My dad came by for several hours yesterday while he got his truck worked on. I finally convinced him to take a Lyft over here and he hung out. I put him through the ringer with the kids, I made him take them to the park and had him help Younger with her reading practice. I think it was good for all of us. I ran him through updates in the family business, mainly about cash reserves and trying to explain our BadgerDAO holdings. I told him about PoolTogether since he’s a lotto guy, but I don’t think he really got it.
I’ve completed two of the outstanding projects that I have left for work. At some point while we were on the phone my coworker asked me about bitcoin. We’ve talked about it many times before, but I don’t like working with him so we don’t really converse. Anyways I opened the firehose on him and told him what I’ve really been doing the past few months, as well as my retirement plans. He’s got bitcoin, but I don’t think he’s been staking through the bear market. I told him we could talk more about it later, but I doubt I’ll want to keep in touch with him in any capacity after I leave.

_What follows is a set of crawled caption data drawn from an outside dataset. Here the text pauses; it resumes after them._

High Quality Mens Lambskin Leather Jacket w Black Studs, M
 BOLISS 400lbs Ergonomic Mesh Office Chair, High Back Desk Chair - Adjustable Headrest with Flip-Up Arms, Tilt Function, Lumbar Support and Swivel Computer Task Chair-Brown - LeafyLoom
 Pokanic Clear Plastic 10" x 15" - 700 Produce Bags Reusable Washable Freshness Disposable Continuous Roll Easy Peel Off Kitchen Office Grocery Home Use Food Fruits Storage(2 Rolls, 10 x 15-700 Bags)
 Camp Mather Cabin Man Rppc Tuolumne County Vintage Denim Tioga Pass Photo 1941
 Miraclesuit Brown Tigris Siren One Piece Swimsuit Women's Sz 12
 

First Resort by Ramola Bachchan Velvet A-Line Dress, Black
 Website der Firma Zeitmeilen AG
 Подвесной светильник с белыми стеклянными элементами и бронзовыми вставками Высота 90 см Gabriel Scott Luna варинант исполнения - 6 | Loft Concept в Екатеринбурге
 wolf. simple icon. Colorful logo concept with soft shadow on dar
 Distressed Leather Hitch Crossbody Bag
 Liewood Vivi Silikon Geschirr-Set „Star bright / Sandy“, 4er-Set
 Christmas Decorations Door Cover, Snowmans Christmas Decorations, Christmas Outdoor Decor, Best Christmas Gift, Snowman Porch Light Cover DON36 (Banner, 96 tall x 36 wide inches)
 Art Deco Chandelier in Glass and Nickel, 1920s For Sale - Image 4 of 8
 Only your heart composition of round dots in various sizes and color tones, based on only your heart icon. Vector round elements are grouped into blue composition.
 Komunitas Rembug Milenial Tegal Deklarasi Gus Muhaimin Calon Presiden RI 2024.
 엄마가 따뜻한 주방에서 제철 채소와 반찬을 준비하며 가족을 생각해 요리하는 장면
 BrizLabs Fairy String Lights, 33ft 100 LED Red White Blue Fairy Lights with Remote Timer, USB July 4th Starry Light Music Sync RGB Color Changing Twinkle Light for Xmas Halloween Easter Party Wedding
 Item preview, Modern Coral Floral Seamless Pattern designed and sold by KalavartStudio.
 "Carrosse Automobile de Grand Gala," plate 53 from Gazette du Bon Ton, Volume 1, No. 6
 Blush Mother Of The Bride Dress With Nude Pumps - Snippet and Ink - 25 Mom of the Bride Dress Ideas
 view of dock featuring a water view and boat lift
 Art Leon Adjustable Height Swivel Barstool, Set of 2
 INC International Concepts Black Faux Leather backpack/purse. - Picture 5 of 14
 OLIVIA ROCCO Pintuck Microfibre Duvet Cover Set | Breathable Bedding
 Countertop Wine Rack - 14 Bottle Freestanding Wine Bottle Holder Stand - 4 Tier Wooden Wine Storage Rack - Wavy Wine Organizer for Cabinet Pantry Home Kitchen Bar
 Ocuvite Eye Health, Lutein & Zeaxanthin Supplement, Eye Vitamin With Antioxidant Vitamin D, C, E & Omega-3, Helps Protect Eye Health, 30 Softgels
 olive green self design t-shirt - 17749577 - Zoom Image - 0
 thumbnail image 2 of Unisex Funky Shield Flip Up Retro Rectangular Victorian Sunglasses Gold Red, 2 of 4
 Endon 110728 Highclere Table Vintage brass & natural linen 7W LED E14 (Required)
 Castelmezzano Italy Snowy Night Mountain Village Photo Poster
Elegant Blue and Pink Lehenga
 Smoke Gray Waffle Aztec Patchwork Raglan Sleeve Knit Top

With these projects nearing completion and my cash reserves more than half full, I can see the light at the end of the tunnel. I need to finish working on my retirement announcement this weekend and get it released before the end of the month so that there’s no turning back. I want to spend the second half of 2021 just working on my on project, helping out with other projects where I can, and basically be able to focus on managing the house and helping Elder get started with her self-directed education.
I sat down to work on my new coding project and decided to get my butt in TDD mode before I got any further with it. It’s amazing how much I’ve forgotten. Just trying to get pytest working took me a half hour it seemed, and I had problems working through things properly. I did manage to get it working, and started on the process of trying to properly mock out API calls to Alchemy so I don’t overuse my call allotment running tests. Even though I got my degree last year, I still don’t feel like much of a programmer. I’ve got one program I wrote that I use every day, my value averaging program that buys stocks in my IRA brokerage, but I haven’t touched the code in probably two years. It’s very fragile. I never completed the Ether Auction either, the smart contract code should be code complete but I got hung up on a front end library and never went any further.
I spend so much of my day staring at charts and checking things in spreadsheets that I just kind of ignored the programming part of things. I’ve never been as proficient at it as I’ve wanted, never able to build a complete program that I’ve been proud of and willing to release unto the wild, so to speak. It’s a craft, and I am not at the point that I am a very good coding craftsman. I’ll have to work on that.
Cutting myself loose from the MSP space is going to be a great change for me. I’ve got a lot to learn in DeFi and Ethereum, and all these other L1 and L2s that are coming out will ensure that I’ll be busy as hell for the foreseeable future. We just got to get through this bull run. It’s hard to work when you’re making money hand over foot. Maybe I’ll get used to it, or maybe it’s going to take a downturn and another extended bear cycle to get me properly motivated.
Maybe, but I’m hoping that I’ll be able to stay properly motivated working for myself this time.